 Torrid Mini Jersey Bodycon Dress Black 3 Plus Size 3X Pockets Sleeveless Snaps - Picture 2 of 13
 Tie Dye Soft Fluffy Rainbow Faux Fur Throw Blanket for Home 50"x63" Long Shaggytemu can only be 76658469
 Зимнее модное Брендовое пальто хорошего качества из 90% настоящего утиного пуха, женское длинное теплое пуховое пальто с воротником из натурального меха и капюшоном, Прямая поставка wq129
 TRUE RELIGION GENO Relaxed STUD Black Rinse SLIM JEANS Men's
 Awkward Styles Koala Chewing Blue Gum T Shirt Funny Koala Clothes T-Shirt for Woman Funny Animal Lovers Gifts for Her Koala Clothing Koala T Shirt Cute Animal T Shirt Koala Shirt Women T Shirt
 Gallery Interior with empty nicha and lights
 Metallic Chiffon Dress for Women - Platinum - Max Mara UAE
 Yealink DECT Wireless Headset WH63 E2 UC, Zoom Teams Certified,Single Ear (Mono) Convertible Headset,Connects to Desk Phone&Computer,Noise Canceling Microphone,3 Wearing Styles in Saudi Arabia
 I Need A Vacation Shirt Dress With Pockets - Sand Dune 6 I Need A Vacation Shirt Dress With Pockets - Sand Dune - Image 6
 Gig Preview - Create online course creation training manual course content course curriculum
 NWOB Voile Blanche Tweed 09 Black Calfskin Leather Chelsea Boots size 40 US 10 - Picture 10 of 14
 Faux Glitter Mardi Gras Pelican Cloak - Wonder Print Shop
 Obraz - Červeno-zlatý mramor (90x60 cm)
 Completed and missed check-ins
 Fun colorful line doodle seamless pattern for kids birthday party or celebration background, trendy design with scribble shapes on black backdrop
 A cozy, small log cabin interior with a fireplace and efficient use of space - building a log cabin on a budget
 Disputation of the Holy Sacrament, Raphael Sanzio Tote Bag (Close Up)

▶ _How to complete this task_:
Pull every line that holds the string "Dress" out of the records.

▶ _Result_:
 Torrid Mini Jersey Bodycon Dress Black 3 Plus Size 3X Pockets Sleeveless Snaps - Picture 2 of 13
 Metallic Chiffon Dress for Women - Platinum - Max Mara UAE
 I Need A Vacation Shirt Dress With Pockets - Sand Dune 6 I Need A Vacation Shirt Dress With Pockets - Sand Dune - Image 6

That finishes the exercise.